The eSeries “is just an e-program where we up front put it on a replication cadence that’s much shorter than 30 years,” Air Force Lt. Gen Duke Richardson, the military deputy to the Air Force acquisition chief, told the McAleese and Associates’ FY2022 Defense Programs conference on May 13. “We’re not envisioning applying this to everything. We would only apply it when we think technology is turning over faster such that we’re not able to counter the threat. For something like that, we would look at an eSeries approach to make sure we can keep up with the threat.”
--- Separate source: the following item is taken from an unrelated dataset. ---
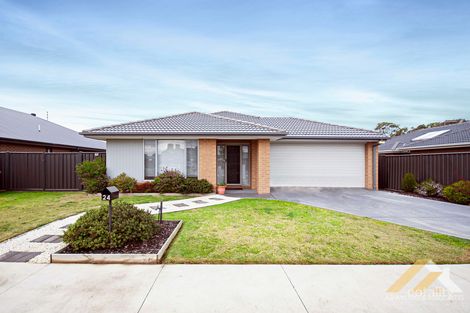 24 Kennelly Cres, Stratford, VIC 3862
Roper said last November that, as the U.S. Air Force briefs Pentagon officials and congressional members on NGAD, the initiative’s classified details may be the special sauce that gives the program traction (Defense Daily, Nov. 24).

NGAD looks as if it will receive a significant funding boost in this year’s fiscal 2022 budget request, as the Air Force prioritizes necking down from seven current fighter types to five over the next decade.

The Air Force looks to reduce sustainment costs by up to 49 percent and modification costs by up to 81 percent in DCS–funding that the service could re-distribute to gain a 39 percent increase in procurement dollars and a 14 percent gain in research and development dollars. The service also looks for DCS to halve the time between major fighter modifications from 11 years to six and to halve the average aircraft age in a 30-year procurement cycle from 16 years to eight.

“When you go to an eSeries program, it changes the game because you’re not going to be flying the asset as long,” Richardson said. “You don’t plan to modify it. The only mods would be safety-driven mods, and O&S [operations and sustainment] is completely different. You’re not doing heavy maintenance. You may never take it to an organic depot for heavy maintenance. You’d still do depot-level repairs on the commodities and the mission systems, but not on the actual system itself.”

The Air Force has estimated that 70 percent of life-cycle costs in traditional aircraft procurement programs have been O&S.

NGAD and DCS are also to allow significant performance improvements.

“We’re increasing the capability of the aircraft,” Richardson said. “It’s not just that we’re getting newer aircraft. We’re getting fresher aircraft that are able to keep up with the threat much better.”